Data:
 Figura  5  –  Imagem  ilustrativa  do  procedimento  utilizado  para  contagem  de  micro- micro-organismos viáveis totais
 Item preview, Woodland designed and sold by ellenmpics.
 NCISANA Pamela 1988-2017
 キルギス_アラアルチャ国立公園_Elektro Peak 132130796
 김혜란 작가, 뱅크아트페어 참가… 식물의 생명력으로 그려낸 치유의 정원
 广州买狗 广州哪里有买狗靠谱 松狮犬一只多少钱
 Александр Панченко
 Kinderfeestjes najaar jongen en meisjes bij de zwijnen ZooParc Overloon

* * *

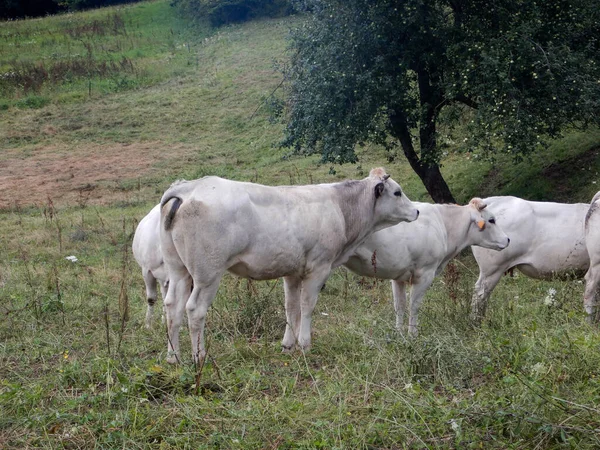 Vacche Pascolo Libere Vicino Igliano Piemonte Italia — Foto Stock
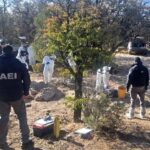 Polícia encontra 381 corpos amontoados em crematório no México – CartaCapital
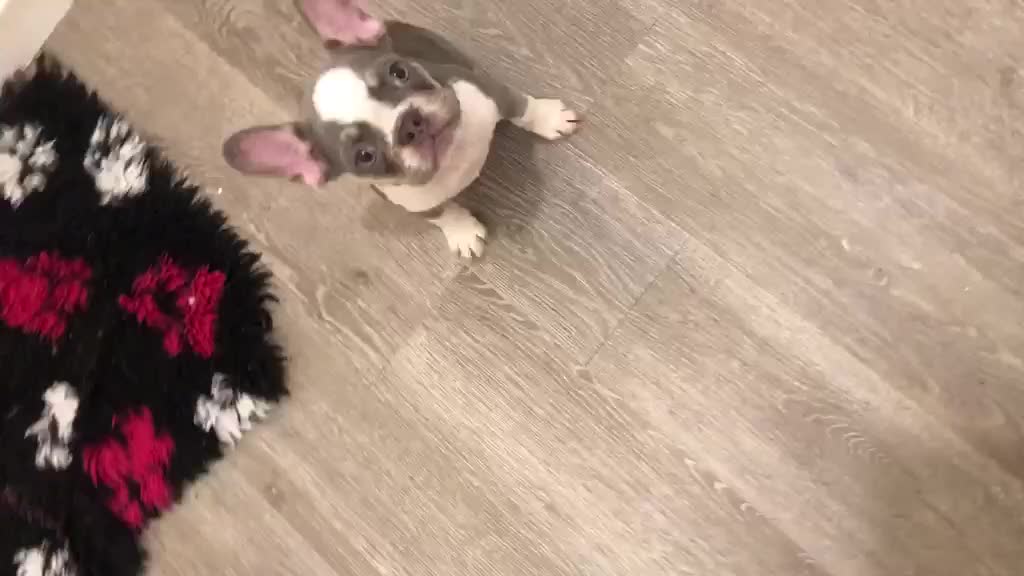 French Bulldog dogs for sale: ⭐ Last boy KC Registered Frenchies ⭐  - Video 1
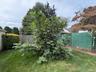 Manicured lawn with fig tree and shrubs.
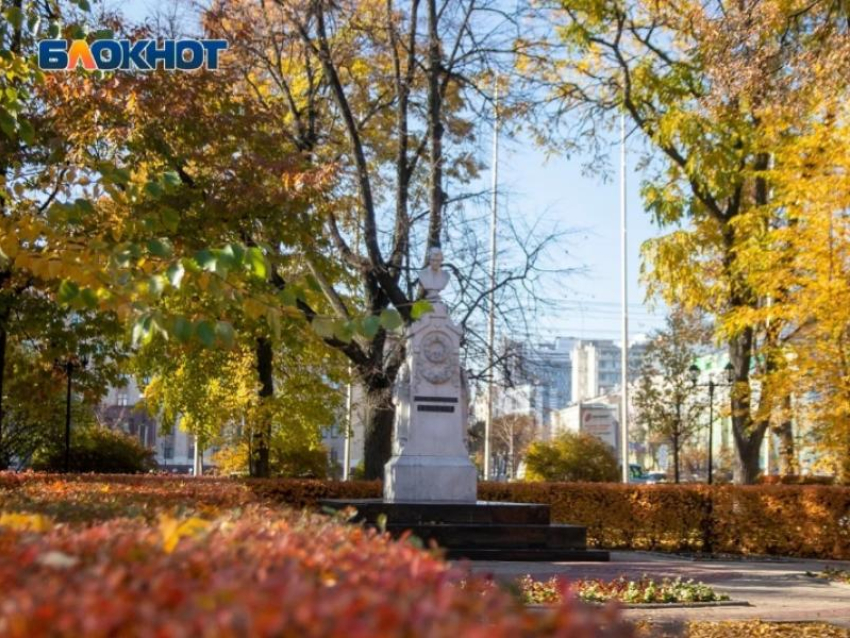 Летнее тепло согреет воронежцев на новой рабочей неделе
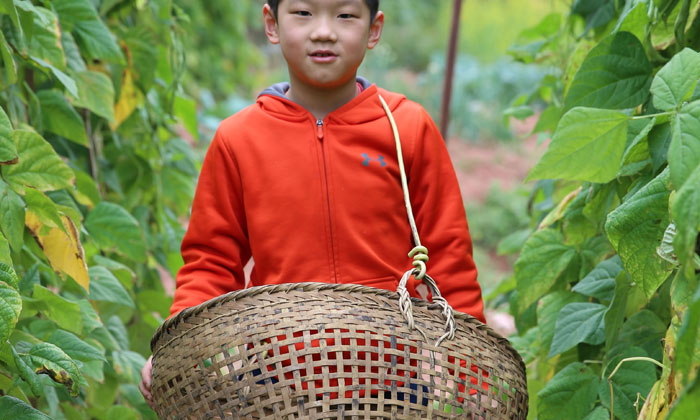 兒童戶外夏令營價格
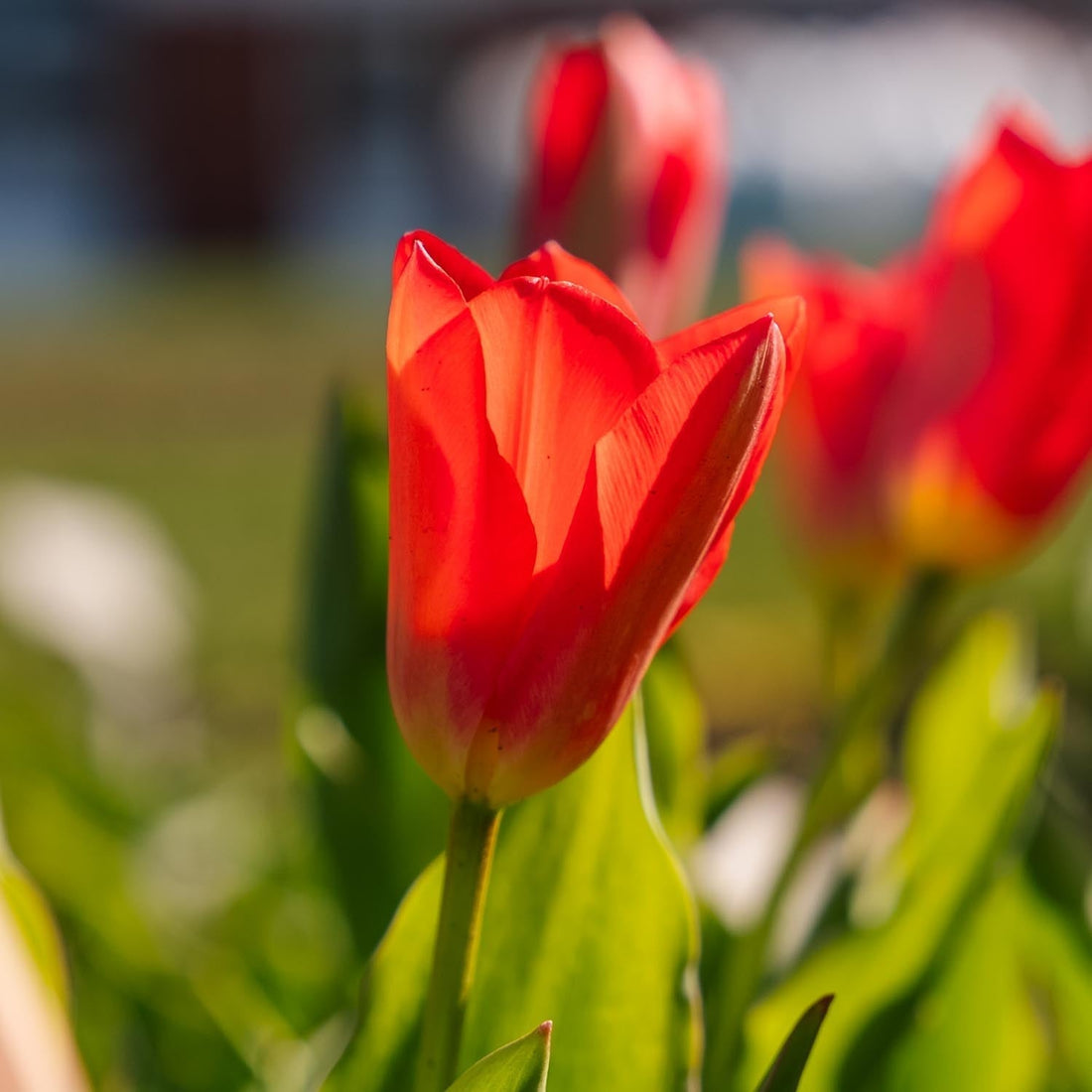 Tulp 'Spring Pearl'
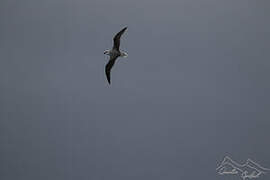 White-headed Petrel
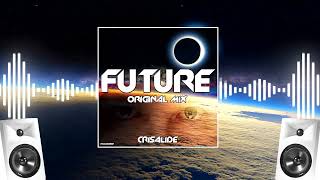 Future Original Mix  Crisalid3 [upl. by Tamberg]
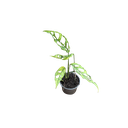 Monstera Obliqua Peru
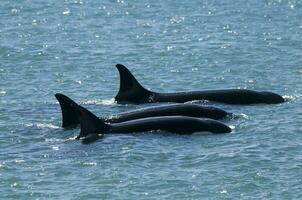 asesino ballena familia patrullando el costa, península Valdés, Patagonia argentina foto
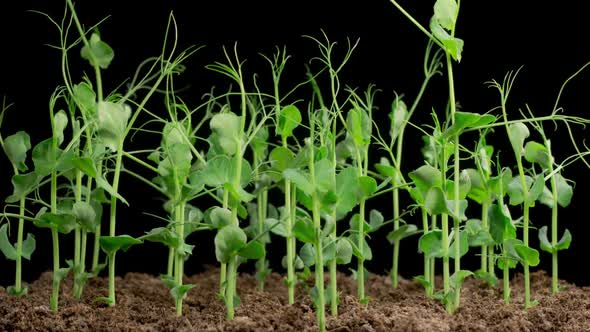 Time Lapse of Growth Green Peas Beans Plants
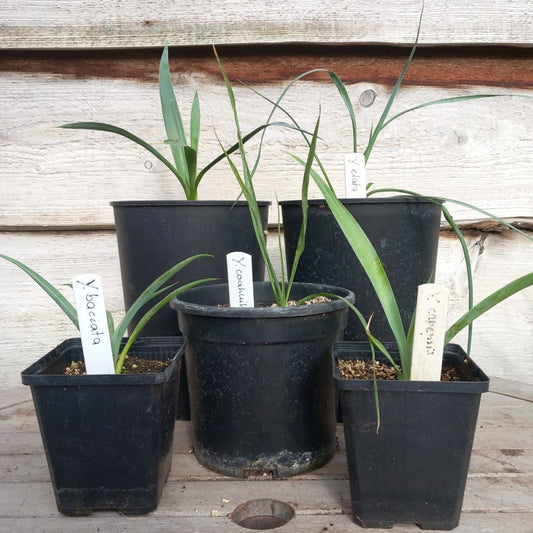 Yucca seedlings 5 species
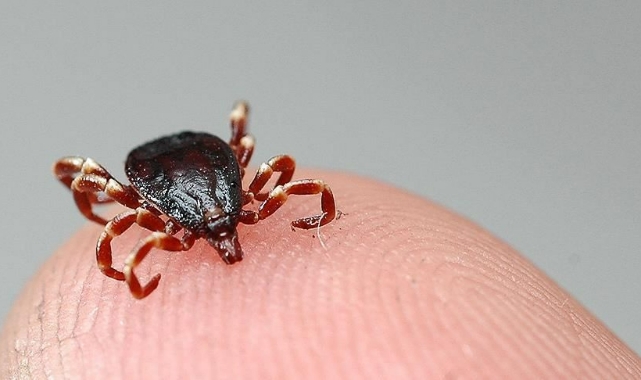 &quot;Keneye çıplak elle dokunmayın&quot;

---

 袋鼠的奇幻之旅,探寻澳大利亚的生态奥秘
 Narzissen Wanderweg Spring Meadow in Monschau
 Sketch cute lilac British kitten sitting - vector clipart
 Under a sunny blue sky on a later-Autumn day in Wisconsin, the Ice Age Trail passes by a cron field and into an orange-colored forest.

What to work on: Of the lines above, copy only those from the one holding "French Bulldog dogs" to the one holding "çıplak elle dokunmayın&quot;", both included, and exclude every image.

Exercise response:
 French Bulldog dogs for sale: ⭐ Last boy KC Registered Frenchies ⭐  - Video 1
 Manicured lawn with fig tree and shrubs.
 Летнее тепло согреет воронежцев на новой рабочей неделе
 兒童戶外夏令營價格
 Tulp 'Spring Pearl'
 White-headed Petrel
 Future Original Mix  Crisalid3 [upl. by Tamberg]
 Monstera Obliqua Peru
 asesino ballena familia patrullando el costa, península Valdés, Patagonia argentina foto
 Time Lapse of Growth Green Peas Beans Plants
 Yucca seedlings 5 species
 &quot;Keneye çıplak elle dokunmayın&quot;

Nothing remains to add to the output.